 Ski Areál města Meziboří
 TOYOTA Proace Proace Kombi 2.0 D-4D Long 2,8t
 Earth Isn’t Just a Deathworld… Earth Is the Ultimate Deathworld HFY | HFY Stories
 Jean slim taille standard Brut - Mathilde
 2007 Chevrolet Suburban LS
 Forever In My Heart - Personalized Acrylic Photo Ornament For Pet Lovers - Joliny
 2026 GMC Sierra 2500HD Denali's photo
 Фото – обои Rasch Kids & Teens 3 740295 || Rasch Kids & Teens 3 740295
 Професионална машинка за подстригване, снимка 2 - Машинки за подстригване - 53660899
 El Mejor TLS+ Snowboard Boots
---
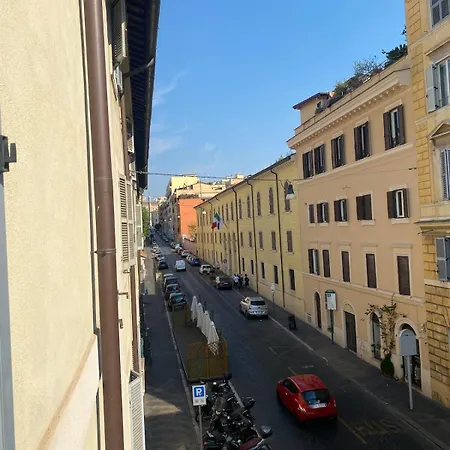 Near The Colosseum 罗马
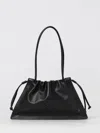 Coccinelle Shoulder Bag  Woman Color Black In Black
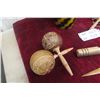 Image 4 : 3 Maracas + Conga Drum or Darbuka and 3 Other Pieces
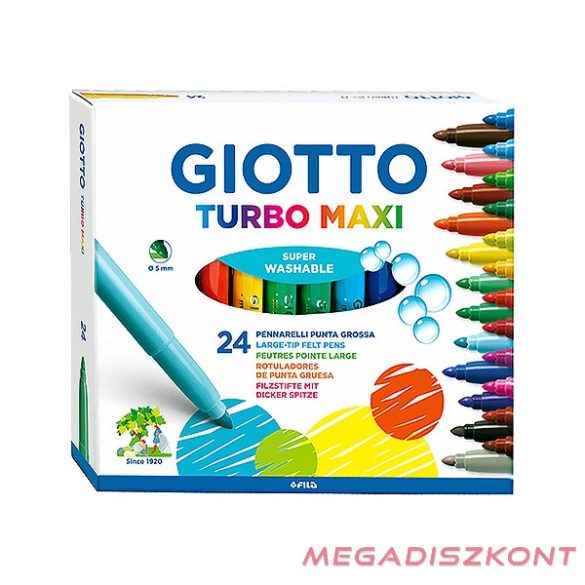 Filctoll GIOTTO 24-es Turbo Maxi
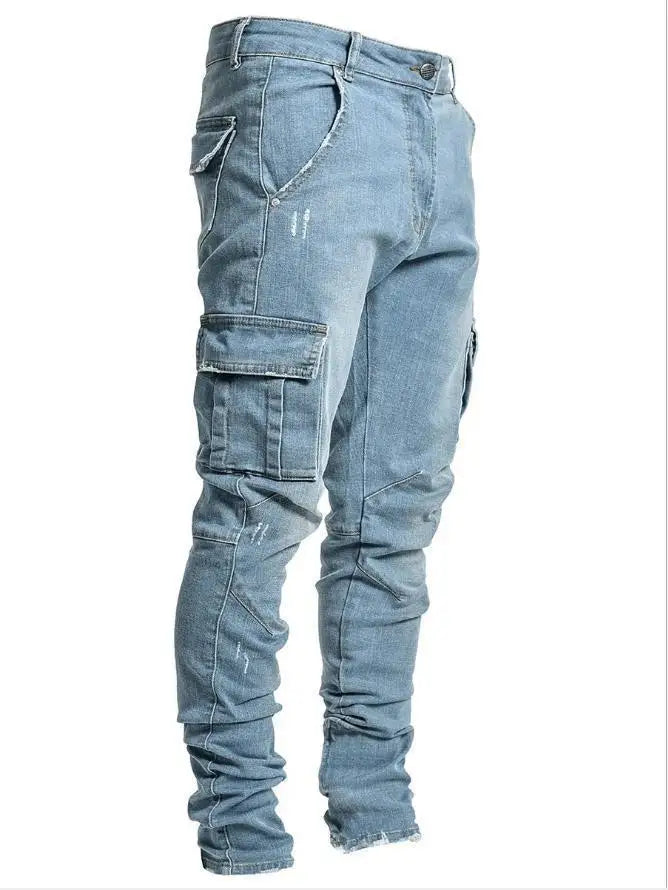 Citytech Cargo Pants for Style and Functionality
==
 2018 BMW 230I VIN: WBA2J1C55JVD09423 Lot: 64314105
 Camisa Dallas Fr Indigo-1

## [About this task]
Going down the listing above, begin printing at the line with "2007 Chevrolet Suburban LS" and finish with the line with "Фото – обои", exactly as they appear.

## [Answer to the exercise]
 2007 Chevrolet Suburban LS
 Forever In My Heart - Personalized Acrylic Photo Ornament For Pet Lovers - Joliny
 2026 GMC Sierra 2500HD Denali's photo
 Фото – обои Rasch Kids & Teens 3 740295 || Rasch Kids & Teens 3 740295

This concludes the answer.